The Aggregate Demand Problem in Capitalism Solved
July 15, 2022
Tim Di Muzio
Any student of capitalism knows it is a distinct economic system prone to periodic crises. These crises come in many forms and are typically studied after the fact, as the work of Kindleberger and others have demonstrated. But one of the largest mysteries in political economy is the problem of aggregate demand. Why don’t people have enough money to spend to stimulate the economy or what is more, clear all the goods and services available on the market? There is perhaps no more worldwide complaint than the dearth of money and this makes sense when you look at the math. It turns out that not enough purchasing power is created to clear all the goods and services produced by capitalist enterprise.1 Let’s take a closer look and solve the problem by building on the work of British engineer, C.H. Douglas. But first, let’s go over more well-known territory.
What Say Said
We’ll begin with Say’s Law. This so-called ‘law’ stems from Jean-Baptiste Say, an early French political economist. He first articulated this idea in the Traité d’économie Politique published in 1803 and it is still held as an article of faith by many neoclassically trained economists. So, what did Say, say? We can debate how to articulate what Say said, but at base Say’s Law states that the production of goods in a market economy leads to the demand for other goods – put simply, supply creates its own demand. What this ‘law’ suggests is that all goods – and we may as well add services – should theoretically and practically be able to clear, since Say reasoned that there is enough demand backed by the ability to pay for the supply of goods and services produced in the economy.
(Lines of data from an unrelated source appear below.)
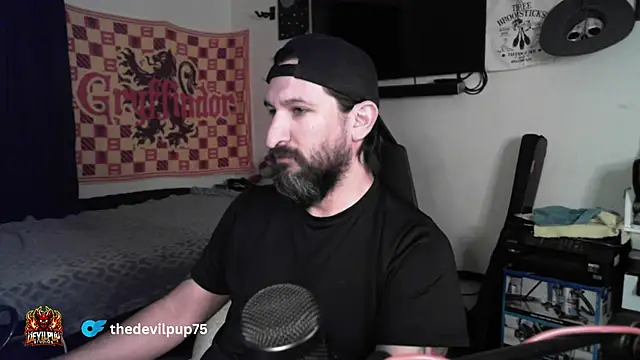 DevilPup75  online show from February 25, 3:05 am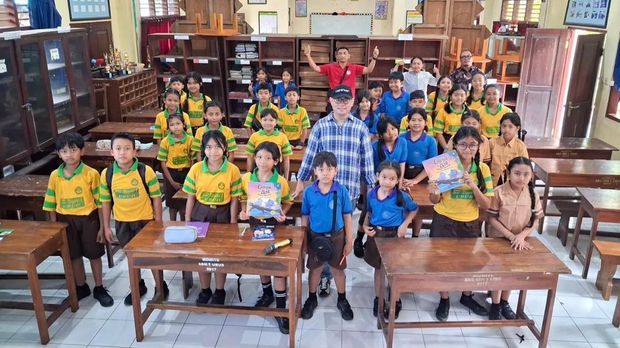 Rio Christiawan mendongeng Crombo & Loni bersama anak-anak di SD Negeri 1 Ubud (23/10)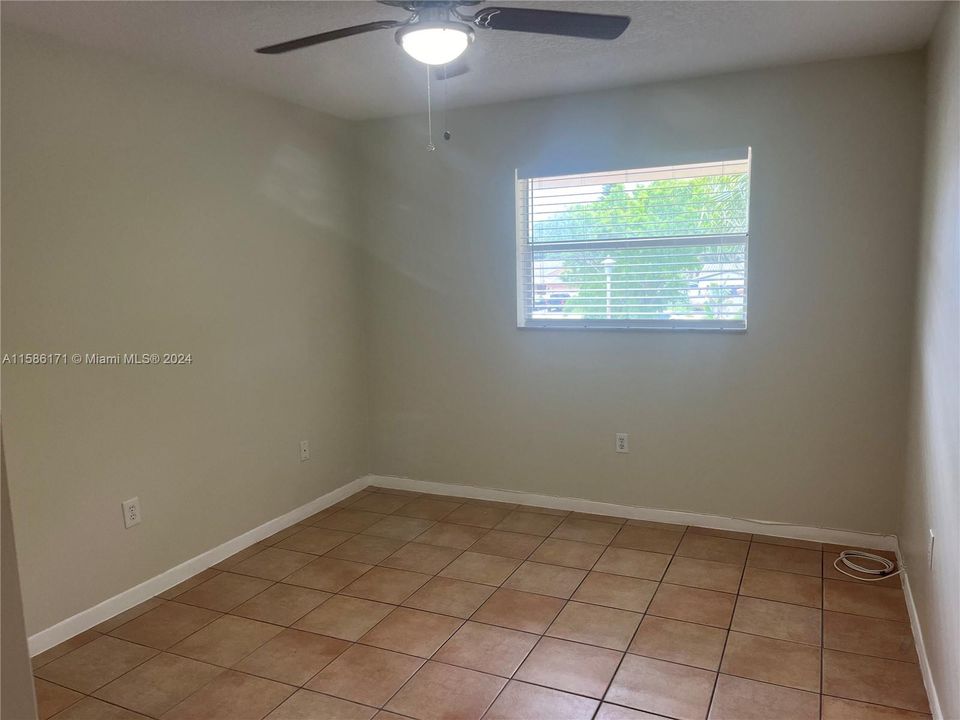 For Rent: $2,275 (2 beds, 1 baths, 1100 Square Feet)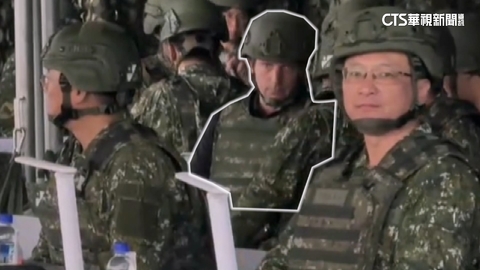 正義操演「美方人員」現蹤！　緊盯紅色海灘各型戰車出動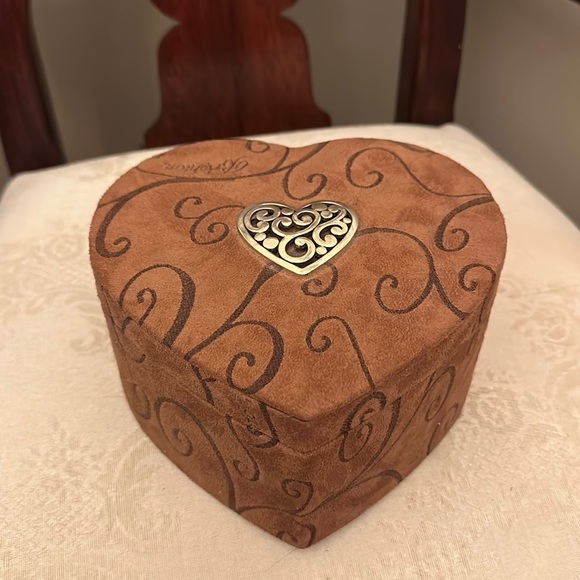 Like new Brighton suede 3-tier jewelry box in EUC, removable trays - Picture 1 of 16
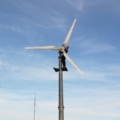 Ein Elektroenergietechniker arbeitet auf einer Windkraftanlage.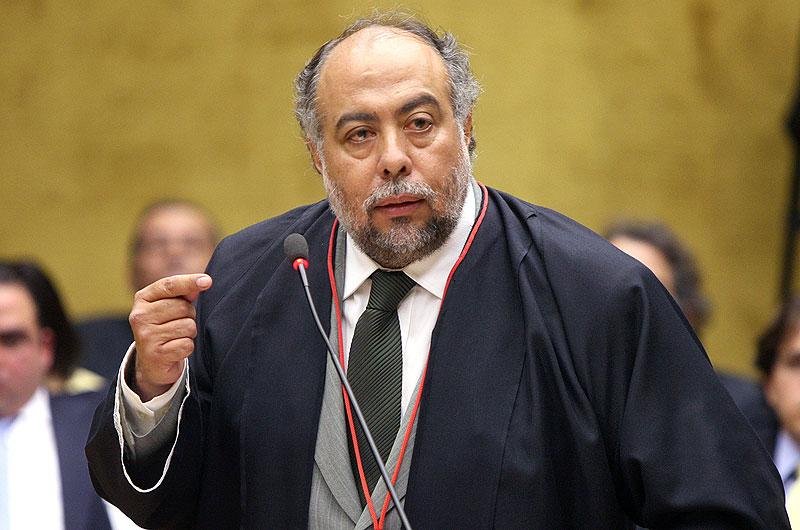 O &uacute;ltimo advogado foi Hermes Vilchez Guerrero, que defende o publicit&aacute;rio Ramon Hollerbach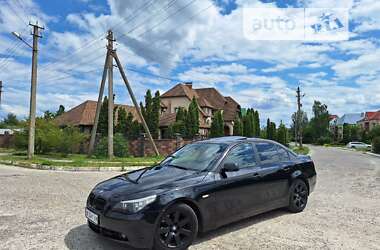 Седан BMW 5 Series 2005 в Вараші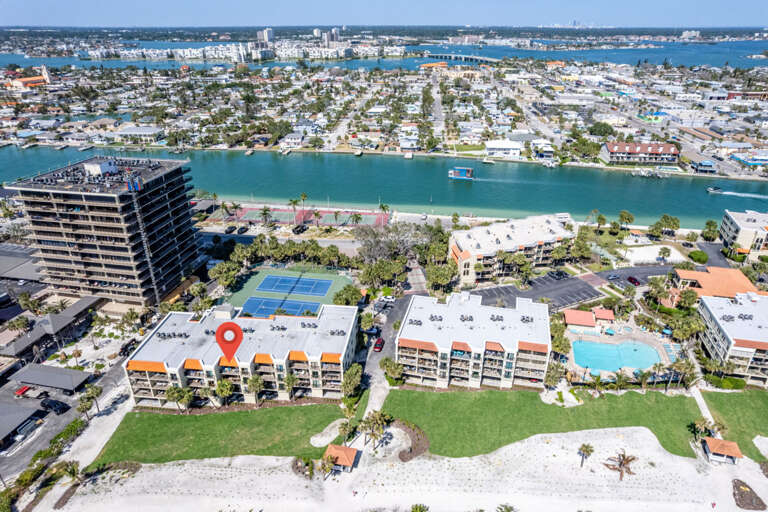 37-web-or-mls-7564 Bayshore Dr #404-10-3.jpg 37-web-or-mls-7564 Bayshore Dr #404-10-3.jpg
But as many recessions and depressions have demonstrated, this nineteenth century ‘law’ hardly holds any water. It is postulated that this is because Say’s Law doesn’t account for the fact that people may save their money rather than use it for consumption – thus many goods and services go unpurchased because people save or invest a portion of their income. On the surface, this sounds like a reasonable justification for the aggregate demand problem in capitalism. To put it simply, workers are making enough in wages and salaries to purchase all the goods and services available on the market, but because people are prone to saving money for the future, all the goods and services on the market do not clear. In this way, demand backed by actual money, it is claimed, can never equal the supply produced by capitalist enterprises. The gap between the total prices of goods and services outstanding and purchasing power, then, would be due to savings. But is this the case?
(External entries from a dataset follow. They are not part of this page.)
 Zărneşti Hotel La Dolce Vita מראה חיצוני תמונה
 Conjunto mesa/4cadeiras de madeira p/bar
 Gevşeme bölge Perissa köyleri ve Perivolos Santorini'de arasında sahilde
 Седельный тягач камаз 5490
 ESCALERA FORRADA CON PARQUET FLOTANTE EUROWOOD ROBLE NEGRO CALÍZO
As it turns out, Say’s Law is incorrect, and we’ll see why in a second. But let’s first have a quick look at our friends the Marxists, who are also aware of the aggregate demand problem in capitalism but as it turns out, are very bad at basic accounting.
Marxist Overproduction and Underconsumption
Karl Marx was a student of capitalism, not communism. His life’s work tried to do two main things: find the source of capitalist profit and two, promote communist revolution because he believed he found the source of profit in the exploitation of labour time. The chief difficulty for Marx was that he relied on a labour theory of value to explain prices and profit. Yet, to empirically demonstrate his argument, he had to show how labour time could be converted into prices (the famous transformation problem in Marxist value theory). While this alchemy has never been done, it doesn’t stop Marxists from pontificating on what they call ‘overproduction and underconsumption’ in capitalism.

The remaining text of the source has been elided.